Fábio Vilela aponta que, dentre os problemas que surgirá em razão do ciclo completo, a principal mazela seria a volta de presos aos quartéis que, diferentemente das delegacias, se tratam de uma área de segurança, cujo trânsito de pessoas é muito mais restrito. Ele lembra que após a Constituição Federal de 1988, as delegacias tiveram de ser adaptadas para o atendimento ao público, conforme a exigência dos Direitos Humanos e da própria Carta Magna, inclusive recentemente a ONU e o Ministério da Justiça recomendaram a eliminação de celas nos distritos policiais. “O ciclo completo na PM vai gerar uma megapopulação carcerária potencialmente em situação irregular e em ambientes inadequados, como as carceragens dos quartéis”, afirma.

Funcionalidade inadequada

Outro problema do ciclo completo na PM apontado pelos contrários a ideia seria a pouca independência na realização dos inquéritos policiais presididos pelos militares. Na cultura militar, a lógica do desempenho de atividade é de comando, ou seja, o soldado ou qualquer outro subalterno, por exemplo, não pode contestar uma ordem de um superior hierárquico. Já na Polícia Civil e Federal, também existe hierarquia, porém as investigações a cargo de um delegado de um determinado distrito policial ou delegacia especializada não sofrem interferência de outro delegado de distrito ou delegacia diferente, mesmo que este seja de um grau superior.

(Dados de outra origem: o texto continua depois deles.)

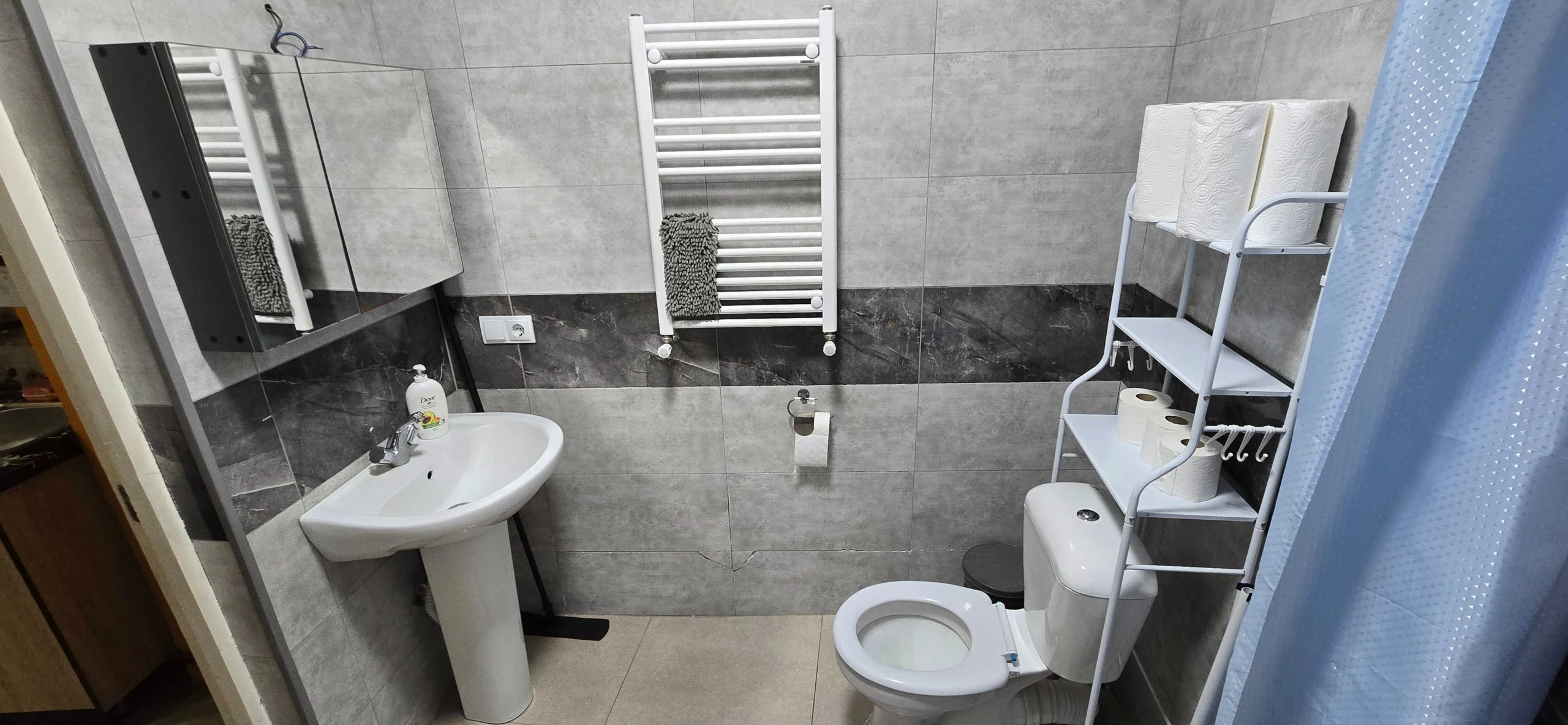 2-room apartment for rent on Rome Street, Chughureti, Tbilisi — bathroom with sink and towel radiator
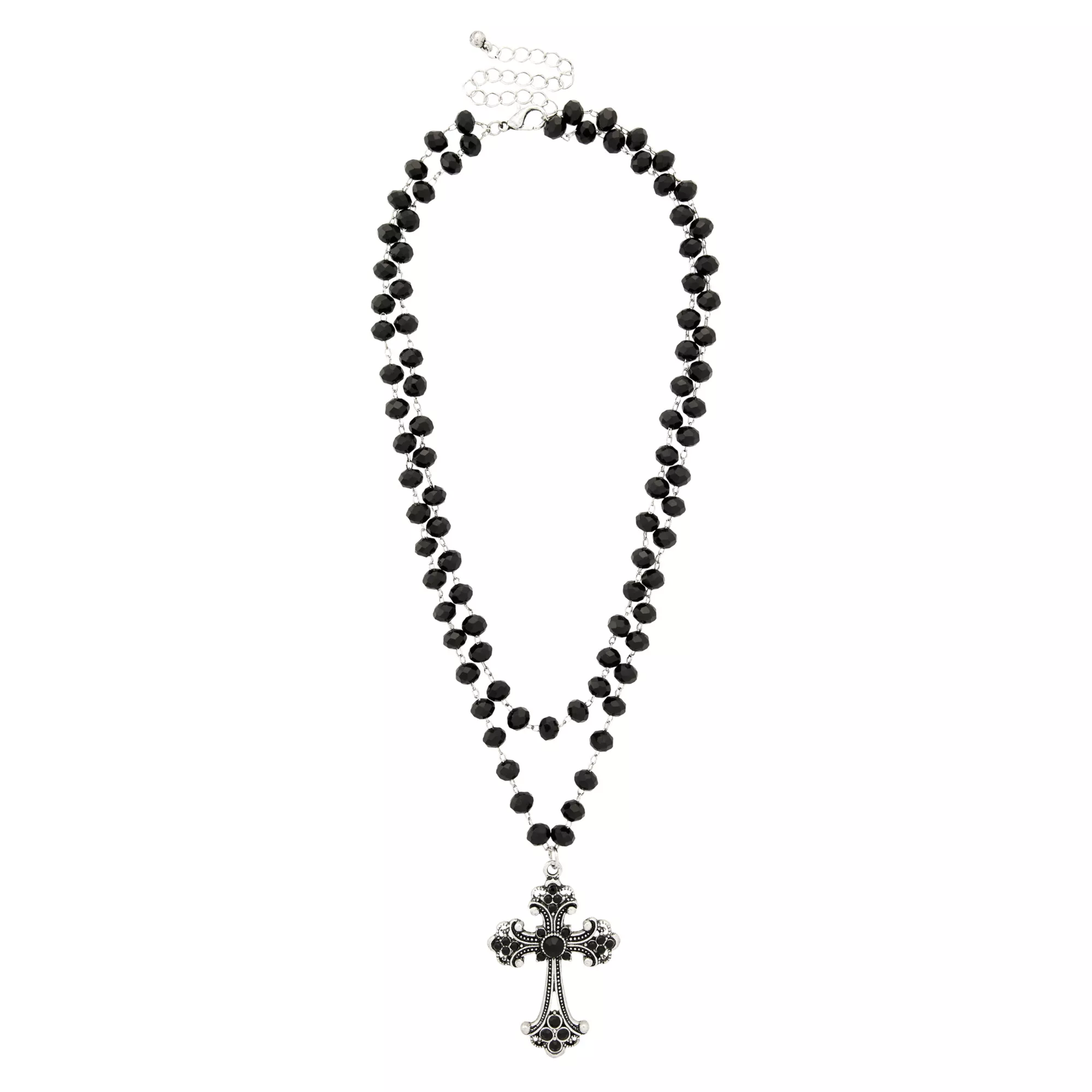 Beaded Black Cross Pendant Necklace at Spencer's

Além disso, as deliberações do curso de uma investigação são tomadas em conjunto, ou seja, o delegado acata sugestões e considerações de agentes e escrivães de polícia, numa parceria colaborativa. Quando o delegado de polícia começa uma investigação ele já o publica para que, tanto o juiz quanto o promotor de justiça, tomem ciência que a investigação está em curso. Além disto, a cada dez dias, a Polícia Civil é obrigada a comunicar ao Judiciário e o MP o andamento da investigação. “Diferentemente dos militares, em que uma ordem superior é absoluta, isto é, não cabe contestação, nas Polícias Judiciárias há maior liberdade no sentido colaborativo na condução de uma investigação”, diz.

Qual seria o caminho apontado pelos delegados de polícia contrário ao ciclo completo na PM? De acordo com Fábio Vilela, uma alternativa seria aperfeiçoar o modelo, mas com a desmilitarização da PM. Segundo ele, a PRF, que é uma polícia de caráter civilista cuja missão é o policiamento presencial, já é um modelo a ser seguido pelas PMs. Além de destituir o sistema militar das polícias estaduais, adequando-as a uma hierarquia e disciplina similar a existente em outros órgãos públicos e empresas, haveria a necessidade de criar uma política de Estado voltado ao investimento nas polícias investigativas, ostensivas e na execução penal. “Precisamos abolir a cultura militar opressora para dar espaço a uma polícia formada por homens e mulheres com os mesmos direitos e deveres dos cidadãos comuns.”